The unremitting pollution of Panzhihua represents one side effect of China's remarkable drive to industrialise. This nominally Communist country is going through a capitalist transformation faster and more profound than anything the world has ever seen.

Deng Xiaoping was responsible for putting China on this capitalist fast track. With his famous saying - ``it doesn't matter whether your cat is black or white as long as it catches mice'' - he led the Chinese Communist Party away from socialist central planning with promises of riches.

The reforms began in the area north of Hong Kong and have spread in little over ten years until today the whole country is gripped by what one economist aptly calls Market Leninism - a virtually unrestricted free market in a political system tightly controlled by the Communist Party Central Committee.

In many ways the situation in China resembles what happened in England during its industrial revolution over two hundred years ago. Peasants flood into the cities (you see them emerging full of hope from the trains in Beijing's central railway station) and small artisans are being swept away by the relentless rise of factory production. Street markets are everywhere. Even the People's Liberation Army has been allowed to indulge in the market frenzy. In 1994 I resisted the temptation to take a slight detour on the road from Beijing to the Great Wall to visit a PLA firing range where tourists could pay to use the weapon of their choice - American tourists in particular were fond of dropping by to fire off a couple of anti-tank missiles or have a blast with a heavy machine gun.

The old and the new continue to exist side by side in large towns and cities. Turn a corner from a street full of market traders which seems to have changed little in a hundred years and you are in the middle of a modern business district with avenues of gleaming skyscrapers. Within a few years a number of Chinese cities will rival Hong Kong, at least in architecture if not in economic importance. Even in remote areas, old districts which have survived for hundreds of years are being demolished to make way for the Chinese version of ugly modernism - square, flat-roofed buildings covered in white tiles. This is a country too busy for listed buildings.

Foreign capital is hungrily investing in this booming market. The massacre of students at Tiananmen Square in 1989 - ordered by Deng - was conveniently ignored in the rush to invest. Chinese support for the murderous Khmer Rouge was also ignored (which might have something to do with Western support for Pol Pot's army). No one was prepared to sacrifice a market as vast as China's. Its huge population - at 1.2 billion it has a quarter of the world's population - means that it is on track to become the most powerful economy in the world.

But with a capitalist economy comes capitalist inequality. A millionaire class has quickly sprouted - including the young relatives of party apparatchiks - while workers' wages and conditions are often abysmal. Peasants lured from the drudgery of the countryside are paid some of the lowest wages in the world. Industrial accidents are common and many hundreds of workers have perished in factory fires in recent years.

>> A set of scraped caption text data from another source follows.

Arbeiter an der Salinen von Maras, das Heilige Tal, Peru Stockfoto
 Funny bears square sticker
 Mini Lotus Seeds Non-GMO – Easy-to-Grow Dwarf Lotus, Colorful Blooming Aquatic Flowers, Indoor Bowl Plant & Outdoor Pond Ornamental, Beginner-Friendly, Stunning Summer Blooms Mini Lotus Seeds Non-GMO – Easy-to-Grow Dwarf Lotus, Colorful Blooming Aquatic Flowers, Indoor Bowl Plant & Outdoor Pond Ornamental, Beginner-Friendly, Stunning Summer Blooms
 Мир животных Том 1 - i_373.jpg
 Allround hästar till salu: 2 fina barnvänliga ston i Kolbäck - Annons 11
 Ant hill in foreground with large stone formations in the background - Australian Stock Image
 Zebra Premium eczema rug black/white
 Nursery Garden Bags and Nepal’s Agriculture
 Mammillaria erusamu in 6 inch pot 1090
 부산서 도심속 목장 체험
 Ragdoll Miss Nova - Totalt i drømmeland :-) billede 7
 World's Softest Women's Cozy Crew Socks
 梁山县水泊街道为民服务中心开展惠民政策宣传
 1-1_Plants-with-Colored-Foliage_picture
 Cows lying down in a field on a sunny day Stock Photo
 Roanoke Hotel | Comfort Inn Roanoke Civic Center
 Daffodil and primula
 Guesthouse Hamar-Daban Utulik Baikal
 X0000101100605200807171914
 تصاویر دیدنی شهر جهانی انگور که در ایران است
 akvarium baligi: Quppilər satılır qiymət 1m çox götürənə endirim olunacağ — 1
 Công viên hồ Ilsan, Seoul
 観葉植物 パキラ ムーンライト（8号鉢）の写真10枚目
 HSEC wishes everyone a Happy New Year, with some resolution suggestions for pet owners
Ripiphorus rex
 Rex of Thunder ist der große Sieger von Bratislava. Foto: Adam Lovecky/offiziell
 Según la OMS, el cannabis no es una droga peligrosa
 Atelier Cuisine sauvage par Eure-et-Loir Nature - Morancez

So far, economic change has not prompted political change but the pressures will surely build. The business class will look to transform economic power into political power. And who will look after the interests of the workers and the peasants? At present the Communist Party is prepared to use their cheap labour on the road to becoming a superpower while still using the rhetoric of communism.

With Deng gone, the leadership has lost the last of the Long March leaders. It is a break with a truly revolutionary past. The new leader, Jiang Zemin, has pledged to continue the pace of economic expansion. He could hardly do otherwise. The process appears unstoppable.